WEISSENHORN – Die Stadt Weißenhorn im Kreis Neu-Ulm will „Friedensstadt“ sein. Solange noch jemand von den Ereignissen am Ende des Zweiten Weltkriegs berichten kann, möchte ein neu gegründeter Arbeitskreis eine Erinnerungskultur initiieren.
Die rund 14 000 Einwohner zählende Stadt tritt mit dem Vorhaben in große Fußstapfen. So nennt sich etwa Augsburg, wo 1555 der Augsburger Religionsfriede geschlossen wurde, „Friedensstadt“. In Weißenhorn will man sich dieses Profil in Erinnerung an jenen Tag geben, an dem kurz vor Ende des Zweiten Weltkriegs die historische Altstadt vor der Zerstörung durch Bomben der Alliierten bewahrt wurde. Am 25. April 1945 hatten der Bürger Paul Ziegler und zwei Helfer unter Lebensgefahr zum Zeichen der Kapitulation am Turm der Stadtpfarrkirche eine weiße Fahne angebracht. Bisher erinnerten wiederkehrende Aktionen an das Ereignis.
78 Jahre später sei es an der Zeit, die Erzählungen rund um die weiße Fahne am Turm von Mariä Himmelfahrt in eine Art Erinnerungskultur umzusetzen: Davon sind Stadtpfarrer Lothar Hartmann, Heimatmuseumsleiter Matthias Kunze und der Vorsitzende des Museumsvereins, Ulrich Hoffmann, überzeugt.
Fluchtweg vorbereitet
Der Anfang sei längst gemacht, erklärt Kunze. Denn das säuberlich zusammengelegte weiße Bettlaken aus dem Haus von Karl Mareis mit einem Begleitschreiben, das die Namen der drei Verantwortlichen nennt, ist in einer Vitrine des Heimatmuseums Weißenhorn ausgestellt.

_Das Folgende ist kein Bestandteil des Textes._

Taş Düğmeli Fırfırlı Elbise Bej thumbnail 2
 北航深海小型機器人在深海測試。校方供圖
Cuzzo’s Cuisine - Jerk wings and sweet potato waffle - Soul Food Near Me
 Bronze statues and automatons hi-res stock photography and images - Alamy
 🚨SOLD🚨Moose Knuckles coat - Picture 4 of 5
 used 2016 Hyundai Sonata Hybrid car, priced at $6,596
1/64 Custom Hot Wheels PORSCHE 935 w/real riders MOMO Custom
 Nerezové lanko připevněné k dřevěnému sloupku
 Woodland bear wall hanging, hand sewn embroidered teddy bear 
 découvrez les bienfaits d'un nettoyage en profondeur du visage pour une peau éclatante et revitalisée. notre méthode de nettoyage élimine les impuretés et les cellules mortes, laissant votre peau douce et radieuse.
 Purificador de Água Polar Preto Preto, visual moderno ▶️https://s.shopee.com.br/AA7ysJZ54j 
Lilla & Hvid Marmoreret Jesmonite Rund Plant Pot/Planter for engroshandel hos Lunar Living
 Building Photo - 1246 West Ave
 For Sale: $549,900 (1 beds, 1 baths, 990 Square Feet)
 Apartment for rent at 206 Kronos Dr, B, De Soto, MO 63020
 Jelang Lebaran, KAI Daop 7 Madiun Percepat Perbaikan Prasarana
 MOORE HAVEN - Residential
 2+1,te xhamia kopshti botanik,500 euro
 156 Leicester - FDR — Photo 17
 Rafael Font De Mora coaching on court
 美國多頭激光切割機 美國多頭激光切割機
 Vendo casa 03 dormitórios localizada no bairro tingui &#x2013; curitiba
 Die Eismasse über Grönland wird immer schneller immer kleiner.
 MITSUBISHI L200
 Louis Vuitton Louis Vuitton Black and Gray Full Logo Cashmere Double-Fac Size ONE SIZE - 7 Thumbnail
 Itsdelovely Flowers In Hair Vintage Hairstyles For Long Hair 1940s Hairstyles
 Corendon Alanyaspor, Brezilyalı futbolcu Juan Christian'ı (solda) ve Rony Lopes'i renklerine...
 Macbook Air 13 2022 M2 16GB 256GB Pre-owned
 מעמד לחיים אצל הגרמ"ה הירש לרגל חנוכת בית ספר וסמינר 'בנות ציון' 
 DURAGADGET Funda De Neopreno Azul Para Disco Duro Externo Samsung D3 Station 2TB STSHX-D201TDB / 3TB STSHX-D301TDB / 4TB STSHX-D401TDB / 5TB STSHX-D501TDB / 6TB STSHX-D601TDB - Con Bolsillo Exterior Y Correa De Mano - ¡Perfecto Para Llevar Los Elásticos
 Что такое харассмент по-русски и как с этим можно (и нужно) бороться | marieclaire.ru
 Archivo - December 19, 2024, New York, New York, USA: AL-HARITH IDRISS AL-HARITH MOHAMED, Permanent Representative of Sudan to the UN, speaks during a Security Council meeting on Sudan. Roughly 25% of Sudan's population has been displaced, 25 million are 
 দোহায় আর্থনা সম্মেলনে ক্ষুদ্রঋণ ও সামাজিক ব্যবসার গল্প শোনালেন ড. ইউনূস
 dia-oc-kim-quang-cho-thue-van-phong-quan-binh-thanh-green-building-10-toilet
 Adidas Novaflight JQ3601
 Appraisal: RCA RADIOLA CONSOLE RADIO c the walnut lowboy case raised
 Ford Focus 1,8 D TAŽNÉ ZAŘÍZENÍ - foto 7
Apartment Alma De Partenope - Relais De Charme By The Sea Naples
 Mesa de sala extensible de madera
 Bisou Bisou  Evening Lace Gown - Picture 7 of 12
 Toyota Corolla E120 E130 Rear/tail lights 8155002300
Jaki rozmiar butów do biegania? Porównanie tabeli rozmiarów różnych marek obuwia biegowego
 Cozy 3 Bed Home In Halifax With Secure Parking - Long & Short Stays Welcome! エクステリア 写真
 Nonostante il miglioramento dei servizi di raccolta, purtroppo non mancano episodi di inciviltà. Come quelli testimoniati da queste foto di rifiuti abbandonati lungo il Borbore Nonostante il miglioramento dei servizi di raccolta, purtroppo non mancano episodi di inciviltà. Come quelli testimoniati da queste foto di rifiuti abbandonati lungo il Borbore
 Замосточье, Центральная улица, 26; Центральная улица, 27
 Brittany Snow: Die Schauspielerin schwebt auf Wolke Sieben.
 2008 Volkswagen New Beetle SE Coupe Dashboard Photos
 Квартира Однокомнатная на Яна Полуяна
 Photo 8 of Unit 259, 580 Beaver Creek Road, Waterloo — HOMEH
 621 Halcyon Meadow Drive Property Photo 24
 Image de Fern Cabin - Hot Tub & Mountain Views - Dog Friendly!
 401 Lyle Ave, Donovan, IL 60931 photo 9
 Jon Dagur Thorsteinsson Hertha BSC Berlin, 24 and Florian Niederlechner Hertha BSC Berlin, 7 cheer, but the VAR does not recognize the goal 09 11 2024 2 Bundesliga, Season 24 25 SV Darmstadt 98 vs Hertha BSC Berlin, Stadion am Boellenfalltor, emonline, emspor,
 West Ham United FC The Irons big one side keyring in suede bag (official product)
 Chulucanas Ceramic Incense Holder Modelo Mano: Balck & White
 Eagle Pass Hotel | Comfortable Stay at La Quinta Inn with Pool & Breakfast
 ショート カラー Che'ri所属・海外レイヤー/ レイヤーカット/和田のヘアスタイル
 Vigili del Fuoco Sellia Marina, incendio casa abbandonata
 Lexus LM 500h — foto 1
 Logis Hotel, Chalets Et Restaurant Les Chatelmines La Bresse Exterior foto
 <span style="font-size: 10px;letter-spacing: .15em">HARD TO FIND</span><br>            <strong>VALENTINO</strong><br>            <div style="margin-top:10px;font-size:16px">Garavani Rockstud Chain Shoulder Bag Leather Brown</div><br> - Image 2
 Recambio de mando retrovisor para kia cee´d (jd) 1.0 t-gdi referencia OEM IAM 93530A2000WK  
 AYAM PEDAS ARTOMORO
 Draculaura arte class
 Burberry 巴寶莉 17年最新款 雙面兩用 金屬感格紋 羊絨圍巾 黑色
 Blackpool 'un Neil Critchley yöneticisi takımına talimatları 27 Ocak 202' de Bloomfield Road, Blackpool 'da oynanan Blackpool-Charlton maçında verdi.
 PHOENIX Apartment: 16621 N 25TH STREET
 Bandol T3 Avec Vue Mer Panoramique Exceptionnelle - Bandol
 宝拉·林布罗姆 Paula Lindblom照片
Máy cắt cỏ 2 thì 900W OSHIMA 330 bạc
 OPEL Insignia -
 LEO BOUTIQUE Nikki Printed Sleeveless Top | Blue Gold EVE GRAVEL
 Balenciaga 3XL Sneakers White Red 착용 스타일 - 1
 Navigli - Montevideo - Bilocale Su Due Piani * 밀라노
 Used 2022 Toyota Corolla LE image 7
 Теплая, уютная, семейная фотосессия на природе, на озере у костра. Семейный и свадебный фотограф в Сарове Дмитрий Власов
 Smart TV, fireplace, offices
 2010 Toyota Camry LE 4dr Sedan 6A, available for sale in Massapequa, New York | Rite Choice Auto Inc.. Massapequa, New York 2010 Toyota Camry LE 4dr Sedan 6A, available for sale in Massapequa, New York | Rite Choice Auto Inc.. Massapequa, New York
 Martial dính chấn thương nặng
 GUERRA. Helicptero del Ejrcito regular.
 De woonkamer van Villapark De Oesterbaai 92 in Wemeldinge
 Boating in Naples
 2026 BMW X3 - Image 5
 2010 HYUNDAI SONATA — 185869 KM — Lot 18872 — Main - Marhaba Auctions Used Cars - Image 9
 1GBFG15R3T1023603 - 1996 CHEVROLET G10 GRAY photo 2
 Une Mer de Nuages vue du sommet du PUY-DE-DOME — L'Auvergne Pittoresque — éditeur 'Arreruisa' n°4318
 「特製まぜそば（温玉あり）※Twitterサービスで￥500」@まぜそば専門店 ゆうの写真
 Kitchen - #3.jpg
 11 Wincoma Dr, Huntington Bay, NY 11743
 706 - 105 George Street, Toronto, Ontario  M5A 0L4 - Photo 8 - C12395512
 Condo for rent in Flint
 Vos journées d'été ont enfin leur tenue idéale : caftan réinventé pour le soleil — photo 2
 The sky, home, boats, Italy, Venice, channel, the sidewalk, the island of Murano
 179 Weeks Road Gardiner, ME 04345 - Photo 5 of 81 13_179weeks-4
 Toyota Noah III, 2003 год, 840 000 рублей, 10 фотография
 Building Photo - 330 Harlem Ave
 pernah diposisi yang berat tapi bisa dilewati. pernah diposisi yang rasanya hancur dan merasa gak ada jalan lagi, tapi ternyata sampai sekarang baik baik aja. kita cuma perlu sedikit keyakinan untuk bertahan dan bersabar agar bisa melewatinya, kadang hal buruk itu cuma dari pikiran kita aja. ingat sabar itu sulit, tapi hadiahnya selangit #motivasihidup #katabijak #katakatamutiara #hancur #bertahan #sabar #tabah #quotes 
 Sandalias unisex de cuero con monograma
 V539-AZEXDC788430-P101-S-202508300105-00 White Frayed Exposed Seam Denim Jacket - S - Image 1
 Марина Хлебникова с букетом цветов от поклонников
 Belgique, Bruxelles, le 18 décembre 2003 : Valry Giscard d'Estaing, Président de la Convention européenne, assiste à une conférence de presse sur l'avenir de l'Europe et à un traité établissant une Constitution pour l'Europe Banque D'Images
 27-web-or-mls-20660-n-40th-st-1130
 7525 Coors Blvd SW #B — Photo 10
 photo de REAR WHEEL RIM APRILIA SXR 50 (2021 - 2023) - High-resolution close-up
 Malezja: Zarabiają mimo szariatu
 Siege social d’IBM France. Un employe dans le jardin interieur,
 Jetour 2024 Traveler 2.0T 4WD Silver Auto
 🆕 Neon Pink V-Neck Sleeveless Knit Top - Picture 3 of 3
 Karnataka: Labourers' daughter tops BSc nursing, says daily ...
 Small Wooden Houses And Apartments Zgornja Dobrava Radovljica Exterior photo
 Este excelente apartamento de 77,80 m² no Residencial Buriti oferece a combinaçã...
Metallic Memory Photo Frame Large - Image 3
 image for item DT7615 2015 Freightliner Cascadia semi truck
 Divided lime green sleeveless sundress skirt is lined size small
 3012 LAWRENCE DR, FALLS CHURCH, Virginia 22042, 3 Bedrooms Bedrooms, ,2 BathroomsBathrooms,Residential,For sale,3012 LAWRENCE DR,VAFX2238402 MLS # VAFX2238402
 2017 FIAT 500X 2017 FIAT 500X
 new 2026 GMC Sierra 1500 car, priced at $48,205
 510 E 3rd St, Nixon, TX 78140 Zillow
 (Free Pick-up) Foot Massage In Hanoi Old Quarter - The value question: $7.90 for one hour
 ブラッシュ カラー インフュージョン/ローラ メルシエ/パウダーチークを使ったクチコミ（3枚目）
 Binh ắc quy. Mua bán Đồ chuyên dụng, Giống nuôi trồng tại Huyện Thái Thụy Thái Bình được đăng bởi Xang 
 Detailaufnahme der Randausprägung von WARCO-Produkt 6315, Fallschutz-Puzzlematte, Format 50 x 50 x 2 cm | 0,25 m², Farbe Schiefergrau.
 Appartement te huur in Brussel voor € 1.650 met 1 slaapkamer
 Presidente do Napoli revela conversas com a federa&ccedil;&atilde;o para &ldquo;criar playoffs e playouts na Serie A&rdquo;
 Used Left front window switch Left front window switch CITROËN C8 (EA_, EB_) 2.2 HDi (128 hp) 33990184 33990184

Ob alle gleichermaßen involviert waren, wer vorab Bescheid wusste und dem Trio den Fluchtweg vorbereitete, darin sind sich die Berichte der Nachfahren nicht ganz einig.
Das ändert nichts an der Tatsache, dass es Widerstandsgeist und Verantwortungsbewusstsein gab, wodurch Weißenhorn und seine Bürger vor den Bomben gerettet wurden. Die Flugzeuge befanden sich bereits im Anflug, drehten jedoch angesichts des weiß beflaggten Kirchturms ab. Die Rettung kam in letzter Minute, denn wegen der Lufttanklager im Ortsteil Eschach war die Stadt ein militärisches Ziel.